Opened 16 years ago
Closed 15 years ago
#3857 closed defect (fixed)
VBoxManage calls hang when VirtualBox VMs are running for longer time
Reported by: | sengel | Owned by: | |
---|---|---|---|
Component: | VM control | Version: | VirtualBox 2.1.4 |
Keywords: | VBoxMange, cloning | Cc: | |
Guest type: | other | Host type: | other |
Description
Host-System:
- Ubuntu 8.10 x64 (up to date with patches)
- Dell PowerEdge 2950 III
- VirtualBox 2.1.4
We encounter repeatedly the following behaviour with VirtualBox 2.1.4, if some virtual machines are running for a certain time.
- we start several VMs on a machine and let them perform their duty
- one VM (i.e. it's harddisk image) is a designated 'clone master', which only runs if we are doing maintenance on this template VM (e.g. updating the OS), so this VM is normally not running, especially not if we want to clone a new VM
- all VMs are started using the command 'VBoxManage -nologo startvm <UUID_OF_VM> -type vrdp' (we are using a modified version of the vboxtool-script (http://vboxtool.sourceforge.net/))
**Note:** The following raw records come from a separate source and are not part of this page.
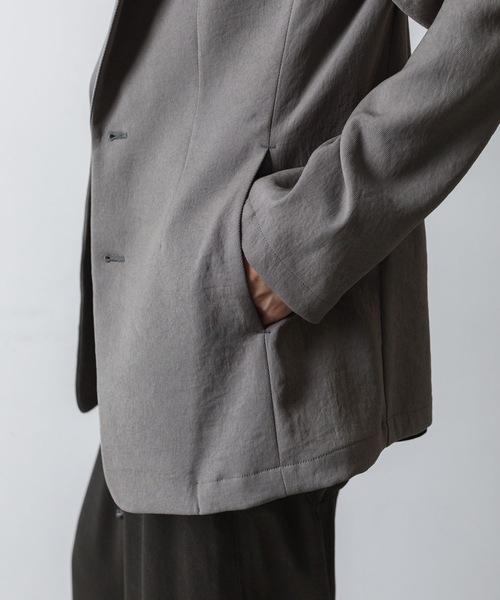 VEIN （ヴェイン）の「PE カルゼ 2B JKT / PE KERSEY 2B JKT（テーラードジャケット・メンズ・ブラック/ライトベージュ/グレー・1/2/3）」の11枚目の写真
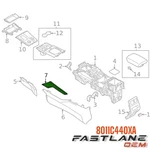 2022-2024 Mitsubishi Outlander Right Upper Trim New Oem 8011C440XA. Price: $144.10.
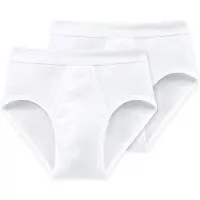 Schiesser Braga negro / blanco
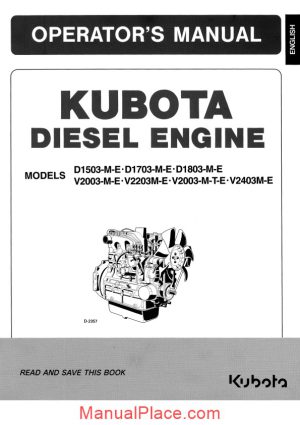 kubota diesel engine operation s manual page 1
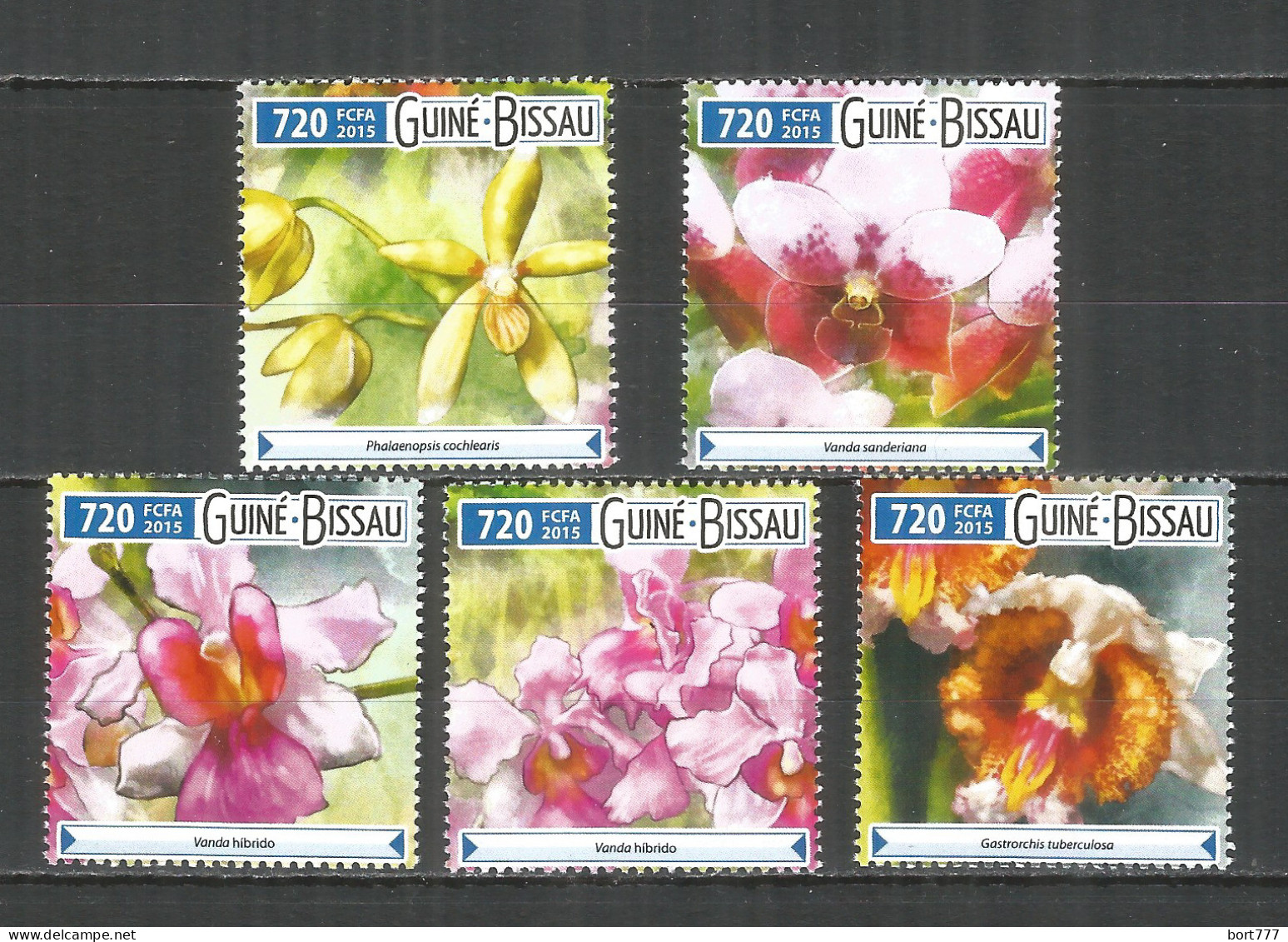 Guinea-Bissau 2015 Mint Stamps MNH(**) Orchids - Guinée-Bissau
- each VM is started with RDP enabled having its own RDP port
Once in a while a new clone is created from the 'clone master' using the following set of commands:
VM_MASTER_VDI=vm-master.vdi VM_NAME=vm-srvXX VM_MEM=1024MB VM_VDI=vm-srvXX.vdi VM_HOST_IF=eth0 VM_VRDPPORT=3170 VBoxManage -nologo createvm -name "${VM_NAME}" -register VBoxManage -nologo modifyvm "${VM_NAME}" -ostype "ubuntu" -memory ${VM_MEM} -boot1 disk -acpi on -hwvirtex on VBoxManage -nologo clonevdi "${VM_MASTER_VDI}" "${VM_VDI}" VBoxManage -nologo registerimage disk "${VM_VDI}" VBoxManage -nologo modifyvm "${VM_NAME}" -sata on -sataport1 ${VM_VDI} VBoxManage -nologo modifyvm "${VM_NAME}" -floppy disabled -audio none -uart1 off -uart2 off -usb off VBoxManage -nologo modifyvm "${VM_NAME}" -vrdp on VBoxManage -nologo modifyvm "${VM_NAME}" -vrdpport "${VM_VRDPPORT}" VBoxManage -nologo modifyvm "${VM_NAME}" -nic1 hostif -nictype1 82543GC -cableconnected1 on -hostifdev1 ${VM_HOST_IF}
Now the fun part: If the VMs are up and running for a longer time (no, I can't define 'longer', as we create new VMs as we see fit which may be after a few days or up to some weeks) and we try to clone a new VM, then cloning isn't possible any more. The first command of our cloning script (see above) is always getting executed, but after that one of the following commands fails to return, i.e. the call to VBoxManage never returns. This may happen on the second command or the fifth or whenever, it's not repeatable.
From that time on (e.g. the not-returing call to VBoxManage), the whole VirtualBox stack is in a kind of disorder.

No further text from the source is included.